Exercise material:

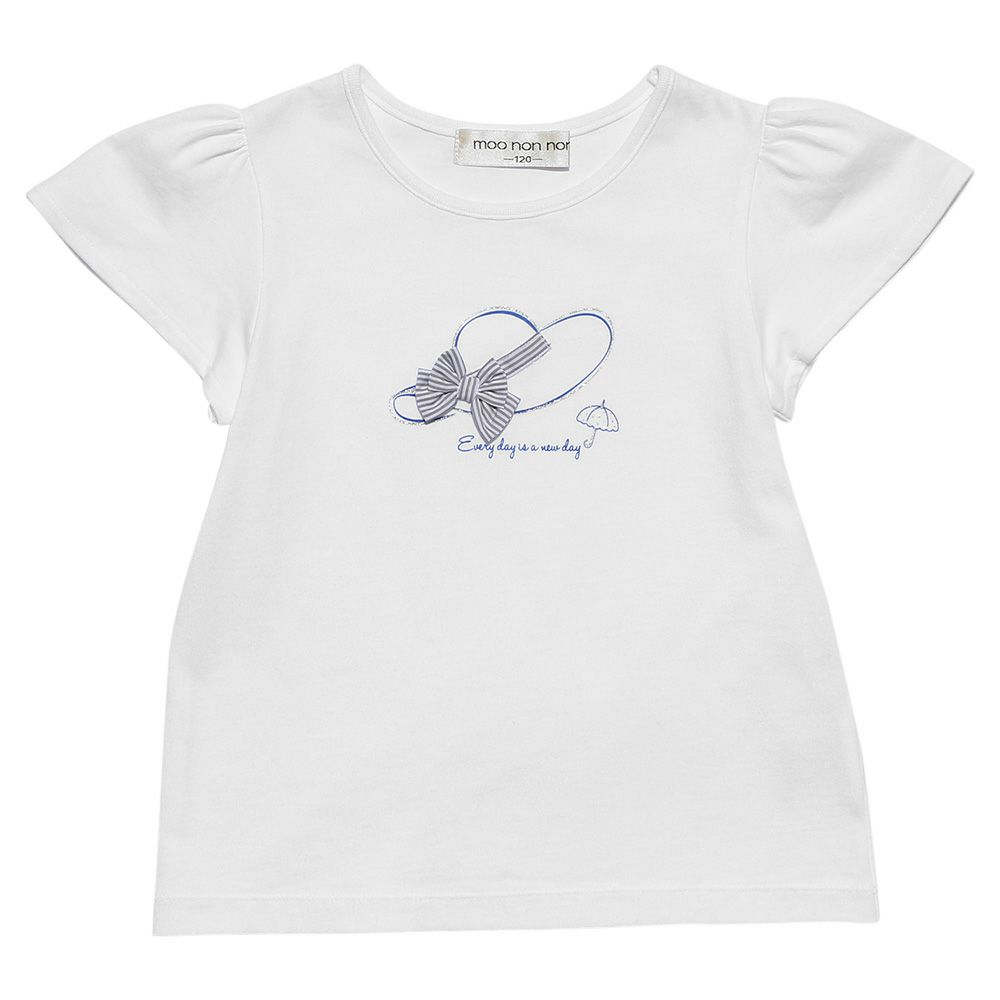 子供服 女の子 綿100％ストライプリボン帽子モチーフプリントTシャツ オフホワイト(11) 正面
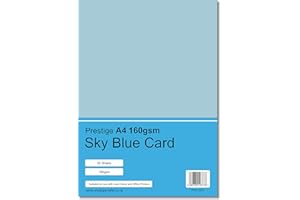 PRESTIGE SALES ONLINE Prestige A4 160gsm Coloured Card Printing Inkjet Laser Craft Card - 50 Sheets per Pack - 19 Colours (Sky Blue)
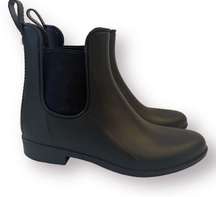 Tinsley Short Rubber Chelsea Rain Boots Black Matte Women’s Sz 8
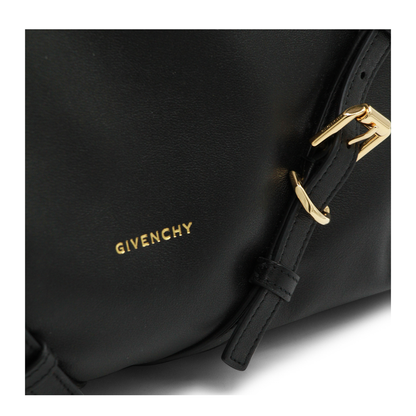 Voyou Medium Shiny Leather Shoulder Bag - Black - Image 6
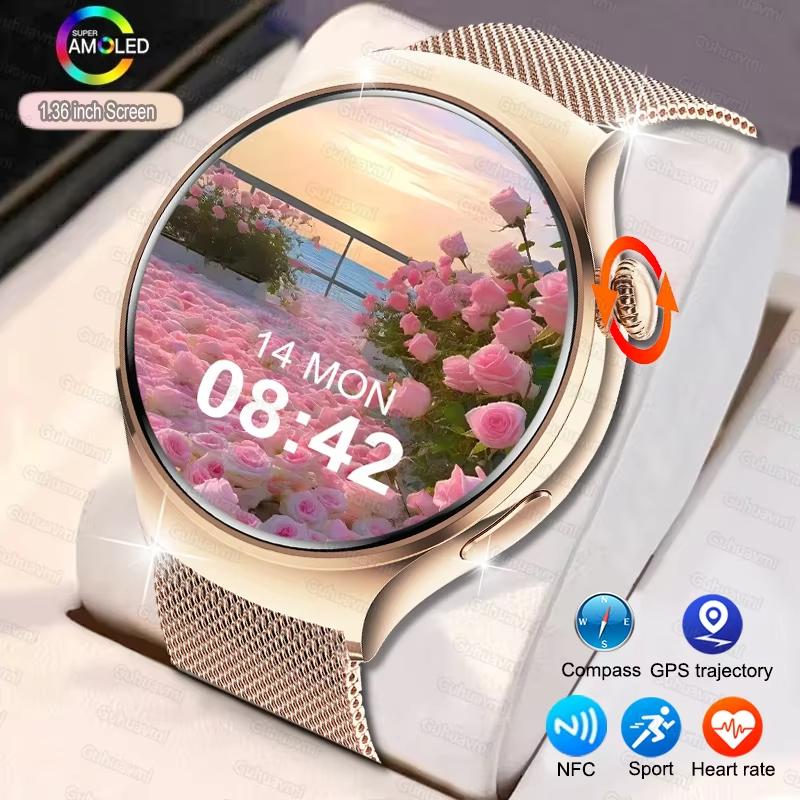 2025 Ny Dame Mote Smartklokke Kvinner AMOLED HD-skjerm GPS Puls Bluetooth-anrop Vanntett Utendørs Smartklokke for Xiaomi
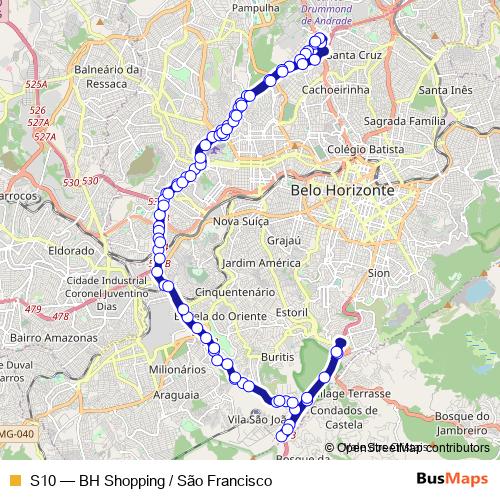 S10 bus Line Map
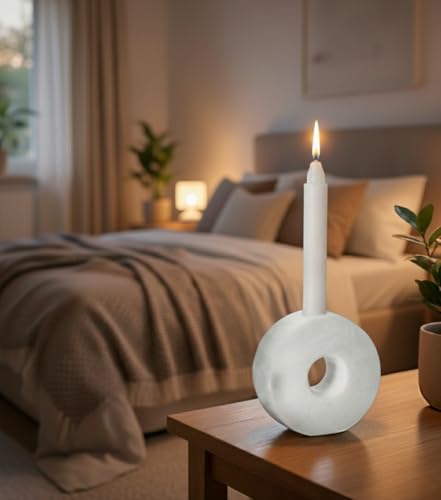 Marble Candle Holder Set of 2 White Taper Candles Holder for Table Decorations, Living Room & Home Decor, Candlestick Holders for Pillar Candles Sticks, Centerpieces & Gifts - color: White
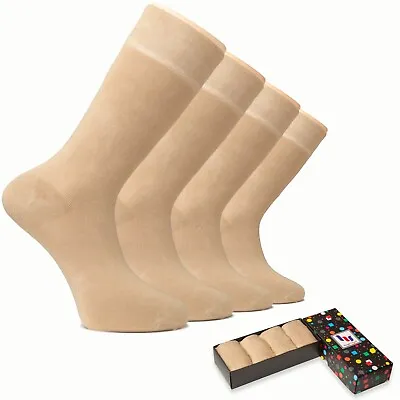 $19.98 • Buy Hugh Ugoli Men's Bamboo Dress Socks Seamless Toe And Thin, 4 Pairs, Size: 8-12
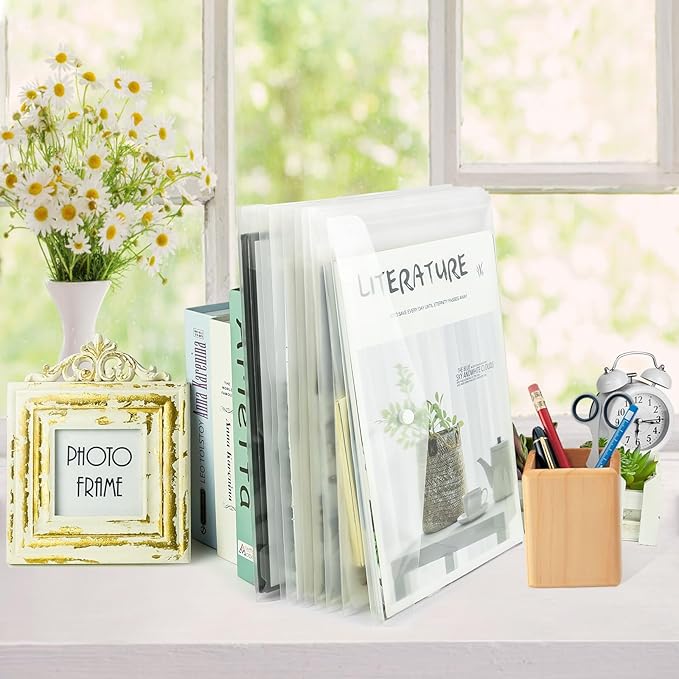 NACHLYNN 108 Pack Plastic Envelopes Poly Envelopes with Snap Closure A4 Size Clear Document File Folders Organizers Clear File for School Office Supplies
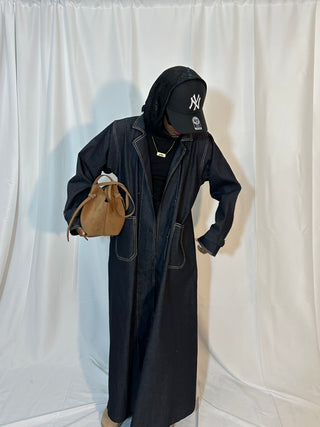 Denim Trench Coat Abaya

Activity:
Output exactly the span of lines from the top of the listing through the line holding "S10 bus Line Map", and leave every picture out.

Response area:
 子供服 女の子 綿100％ストライプリボン帽子モチーフプリントTシャツ オフホワイト(11) 正面
 PRESTIGE SALES ONLINE Prestige A4 160gsm Coloured Card Printing Inkjet Laser Craft Card - 50 Sheets per Pack - 19 Colours (Sky Blue)
 Tinsley Short Rubber Chelsea Rain Boots Black Matte Women’s Sz 8
 Voyou Medium Shiny Leather Shoulder Bag - Black - Image 6
 2025 Ny Dame Mote Smartklokke Kvinner AMOLED HD-skjerm GPS Puls Bluetooth-anrop Vanntett Utendørs Smartklokke for Xiaomi
 S10 bus Line Map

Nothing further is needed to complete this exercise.